Would you bring your own wine to a restaurant? Many Western New Yorkers do just that, sometimes going so far as to pay for the privilege.
The term "corkage" is used by professionals to describe the fee charged by a restaurant to open and serve a bottle brought in by a customer. The fee may vary, but upscale local restaurants like Tempo, Rue Franklin and the Sonoma Grill often charge corkage as a matter of course.
Corkage fees in Western New York run between $10 to $20 a bottle, although some restaurants don't let customers bring their own if they carry the same bottle in their own cellars.
But even if a corkage fee is charged, it usually doesn't discourage a real enthusiast.
"I always bring my own wine to a restaurant," says Jordan Levy, who has a cellar of some 2,000 bottles. "I don't mind the corkage fee. Most restaurants can't match the quality of wine I have in my cellar but I prefer to drink my wines there."
Other savvy diners simply take advantage of special promotional programs or offers. In City Grill, on Main Street, the longstanding policy has been no corkage fee on Saturday night for a bottle of wine brought in to serve at dinner. Sommelier Mike DePue says the bottles he has seen brought in range from a bottle of 1970 Chateau Lafite Rothschild to a bottle of Giacobazzi.
It doesn't matter. That Saturday night policy has brought them a loyal customer base.
"It's a great deal," says Ronald Eaton, who has a small cellar of his own of some 30 bottles. He and his wife, Linda, go to City Grill at least two times a month, he says.
Wine professionals and restaurateurs say corkage is a justifiable fee, since the wait staff usually handles serving the wine.
"It covers the expensive glassware served and presentation of the wine," says Terry Bechakas, owner of the former Hourglass restaurant, which was well known for its wines. "Handling of the bottle is so important. If you have a bottle that is 20 years old and pick it up the wrong way, you may have trouble with the sediment; the wine may have to be decanted and the restaurant will do that for you."
Bechakas says corkage is also justified for economic reasons. Correct maintaining of a wine cellar and carrying a lot of inventory can be a very expensive endeavor, Bechakas says.
When customers bring their own bottle, "it's taking away a money-making thing," he says. "The restaurant is really losing money when it is not serving its own wine."
Corkage fees may become even more common in this area, he says, as more collectors develop cellars of their own.
But corkage fees also usually benefit the customer. Henry Gorino, owner of Oliver's, has recently begun advertising a $20 corkage fee. That's relatively high for this area.

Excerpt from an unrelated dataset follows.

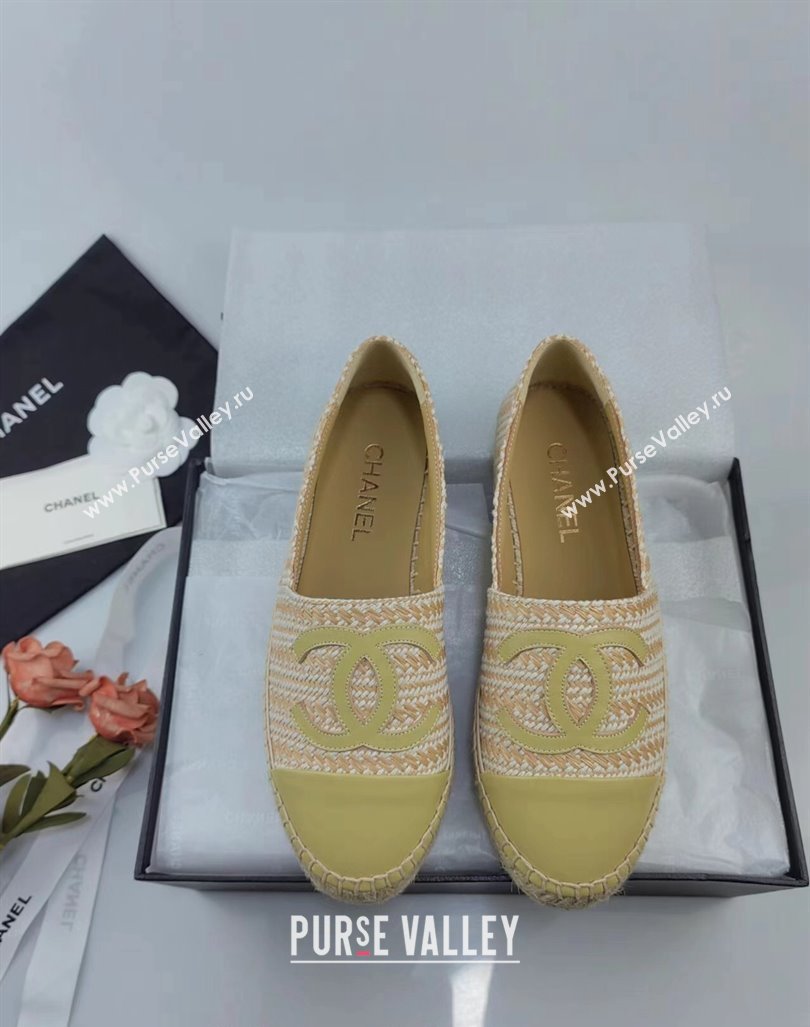 Chanel Tweed Lambskin Espadrilles Flat Lemon Green 2024 0815 (MD-240815117)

"But I don't think that's a lot of money," Gorino says, although he admits that the more expensive the wine the diner brings in, the more that customer saves. That's because of the markup, which in many restaurants usually runs a little more than double the wholesale price.
"Say I buy a bottle of wine wholesale at $150," Gorino says, citing a rather extreme example. "I have to charge at least $325 for it. Even if the customer pays $180 for that bottle retail, even with the $20 corkage fee he's still only paying $200," he says. "That's a hell of a good price for that bottle of wine."

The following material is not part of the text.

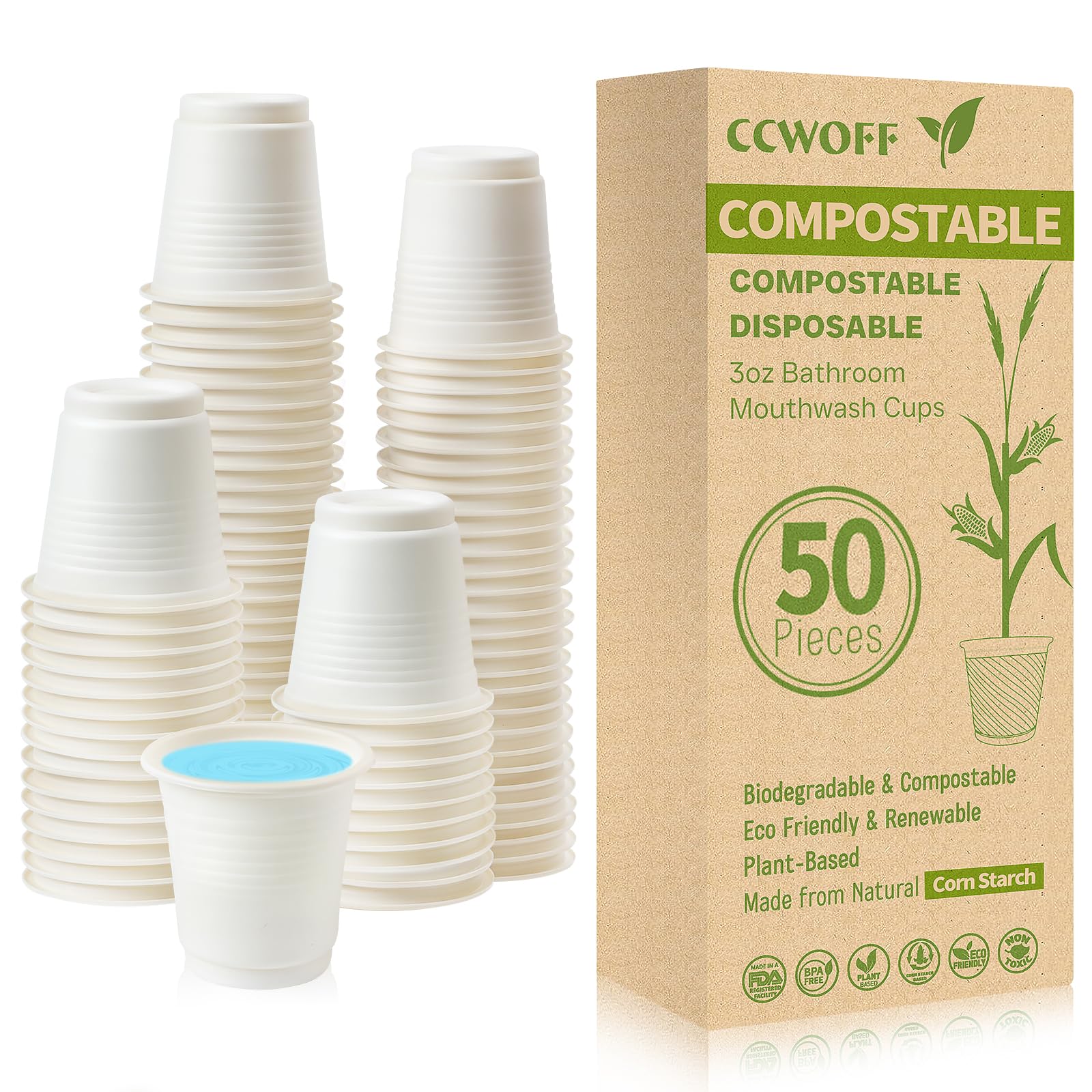 Gobelets rince-bouche respectueux de l'environnement compostables pour maison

Paul Jenkins of Tempo, who usually charges $15 corkage, says he doesn't begrudge his customers bringing in their own bottle -- he understands it, in fact.
"They don't do it to save money," he says. "That's not the spirit of it. Corkage is simply not an issue for collectors. A lot of people have wonderful cellars and they like to show them off.

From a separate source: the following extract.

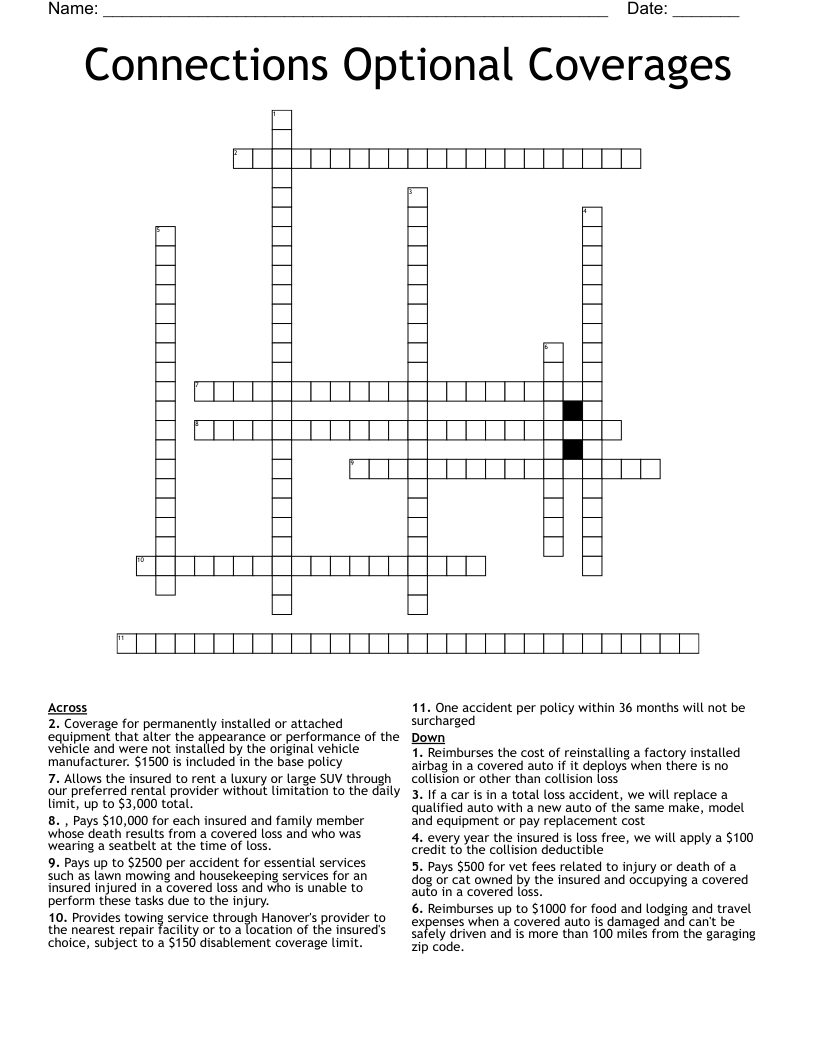 Connections Optional Coverages Crossword WordMint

"It may be a special occasion or they may be entertaining special people. They have the wines and the wines are ready to drink and it's not as common as it once was to have formal dinners at home."
It's a fairly common practice at Tempo, Jenkins says. "Mostly they call ahead and we are ready for them."
Want to know the absolute best thing for a proprietor when people bring in their own bottles? Jenkins has the answer ready to go.
Often, customers bring in rare, impossible to buy bottles, he says. "And sometimes they give a tiny sip to the chef."
>When you're bringing your own wine
Thinking of hauling your own wine to a restaurant? Don't forget these BYOB pointers:
1) Call ahead to say you are bringing in your own wine. Tell them the wine you are bringing and get the OK.
2) Leave an ample gratuity to cover the person who is serving the wine.
3) If you can, and if the wine is special, offer the wine server or chef a tiny sip or two.
4) According to state liquor law, bringing your own bottle of wine to a restaurant without a license, which has a legal capacity of 20 people or less, is perfectly legal.
5) According to the same law, bringing your own bottle to a licensed restaurant of any size is legal if the restaurant allows it. But you cannot leave the wine at the restaurant if you don't finish. You must take it home. 6) For further information on legality, go to www.abc.state.ny.us.